Coureurs des bois


Amélanchier

Amelanchier sp.

Émission du 14 mai 2009

Nul fruit, à l’exception du bleuet, n’a été plus consommé par les autochtones d’Amérique, par les habitants du Canada et par ceux du Québec. La baie d’amélanchier qu’on appelle aussi la petite poire, a occupé une place de choix dans le cœur des Québécois jusqu’aux années ’60 où on l’a presque oublié. Mais il effectue un retour ! En effet depuis quelques années, la cueillette sauvage des baies d’amélanchier gagne en popularité, et l’arbre est désormais cultivé dans plusieurs régions du Québec, tant pour ses fruits que comme arbre ornemental.

Amélanchier

Habitat

On retrouve l’amélanchier d’un océan à l’autre et aussi loin au nord que le Yukon et les Territoires du Nord-Ouest. Au Québec, il y en a dans presque toutes les régions, même en Abitibi et sur la Côte- Nord. Les différentes espèces d’amélanchiers poussent dans des endroits très variés, sur les pentes humides, aux bords des lacs, à l’orée du bois, près des ruisseaux et même dans certains sous-bois. Presque sans exception, les diverses espèces poussent au soleil.

Identification

Au printemps, la floraison hâtive de l’amélanchier constitue une bonne façon de repérer les arbres pour aller plus tard, cueillir ses fruits. En effet, les fleurs blanches aux pétales fins et allongés de l’amélanchier sont les premières à apparaître, avant tous les autres arbres.
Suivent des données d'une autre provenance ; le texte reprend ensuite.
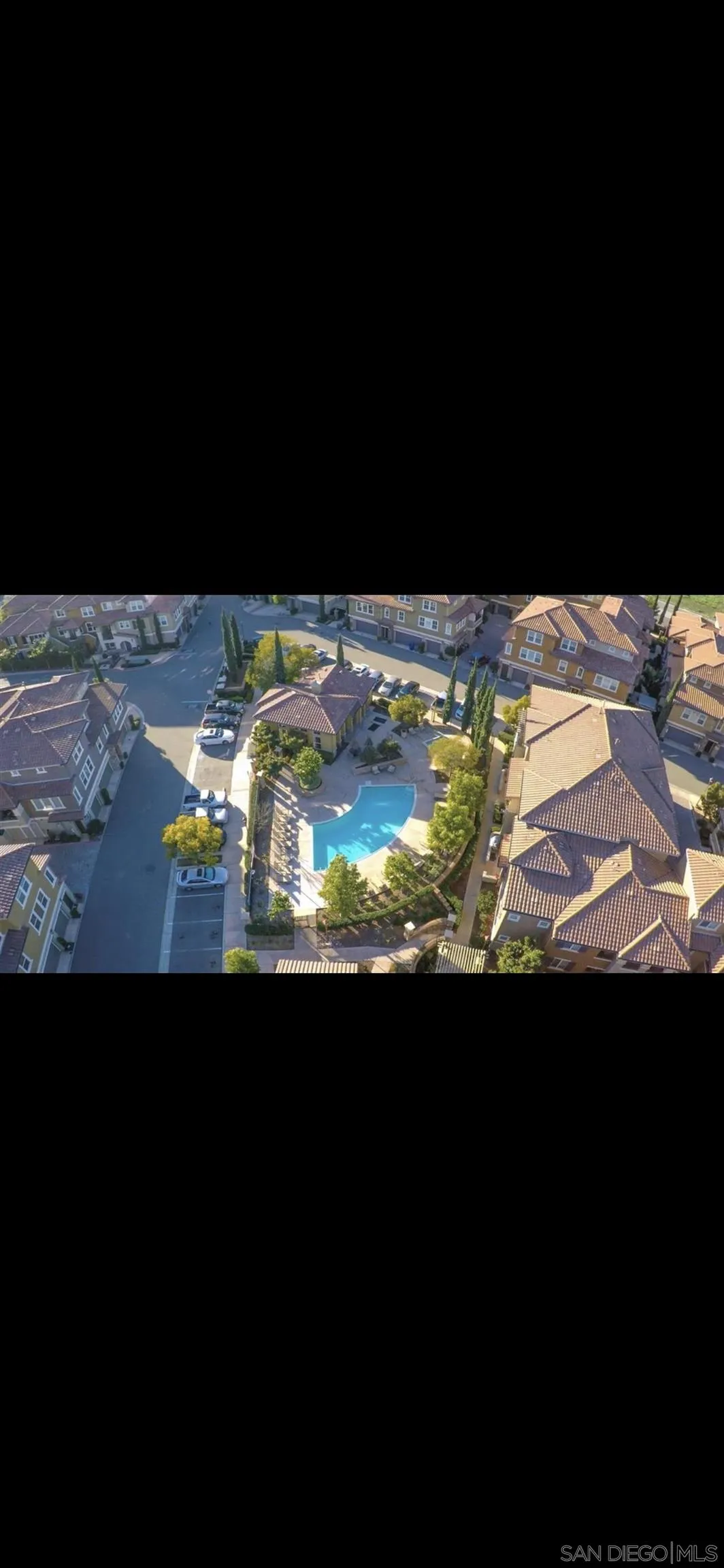 https://cdn.realtyfeed.com/cdn/127/260006522/438571038f80203060d64038e4d5660d.webp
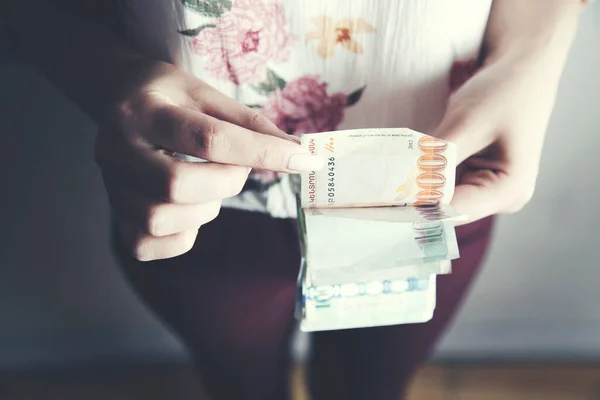 Young Woman Qounting Money Dark Background — Stock Photo, Image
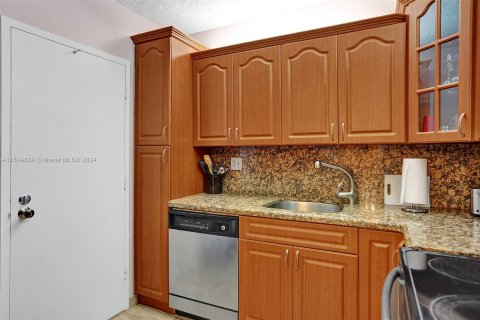 Condo in Hollywood, Florida, 1 bedroom  № 949659 - photo 15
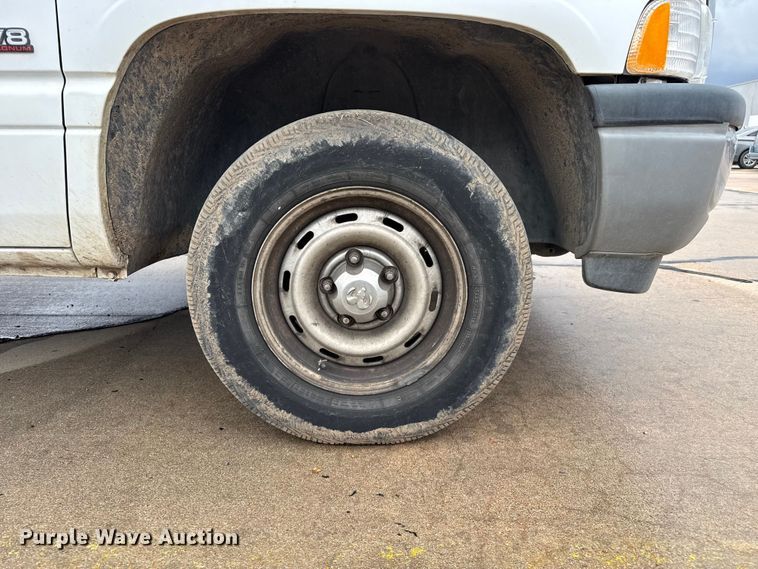 image for item FB6650 2001 Dodge Ram 1500 pickup truck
On dénombre une vingtaine d’espèces d’amélanchiers au Canada, et au moins 7 ou 8 au Québec. Ces dernières sont si nombreuses et si semblables que seuls les grands spécialistes peuvent les différencier. Quelques espèces peuvent devenir de petits arbres, atteignant 10 mètres de hauteur, mais la plupart des espèces sont arbustives. Les fruits, juteux et sucrés, de couleur rougeâtre à violacée, ont à peu près la forme et la taille des bleuets.

Période de cueillette

On commence à trouver des fruits mûrs vers la fin de juin et ils auront disparu à la fin de juillet.

Technique de cueillette

La cueillette des baies d’amélanchier se fait sans technique particulière. Avec une petite chaudière attachée autour de la taille afin de libérer les deux mains, on cueille les fruits un à un. Il faut prendre soin de choisir des arbustes de 2 à 4 mètres de haut, car les fruits sont très difficiles à atteindre sur les plus grands arbres.

Le truc du cueilleur

Un sceau ou une chaudière attachée autour de la taille grâce à une ceinture facilite énormément la cueillette. À deux mains, les fruits se cueillent plus rapidement, vous êtes en mesure de joindre des branches plus hautes et ce, sans avoir à toujours vous pencher pour atteindre votre récipient.

Histoire de la plante

L’amélanchier avait une très grande valeur pour les tribus d’Amérindiens des plaines de l’Ouest qui faisaient sécher les fruits au soleil pour les conserver. Ce produit était un ingrédient important du pemmican, un aliment composé de viande, de gras et de fruits séchés. Léger et très nourrissant, le pemmican permettait à ces peuples de se déplacer sur de grandes distances à la recherche des vastes troupeaux de bisons qui constituaient la base de leur alimentation. Le terme amérindien de la Baie a d’ailleurs été donné à la ville de Saskatoon, Saskatchewan.

Bien qu’on retrouve une variété d’amélanchier en Europe (Amelanchier ovalis), c’est en Amérique du Nord que le plus grand nombre d’espèces a été recensé. L’amélanchier est très abondant dans plusieurs provinces, dont le Québec, mais dans les Prairies, le fruit a l’importance du bleuet chez nous! Au Manitoba ou en Saskatchewan, les dimanches de juillet sont pour plusieurs familles consacrés à la cueillette des « petites poires » qui servent à faire des tartes et des confitures. En plus d’être délicieuses, les baies d’amélanchier sont riches en antioxydants et remplies de vitamines et minéraux.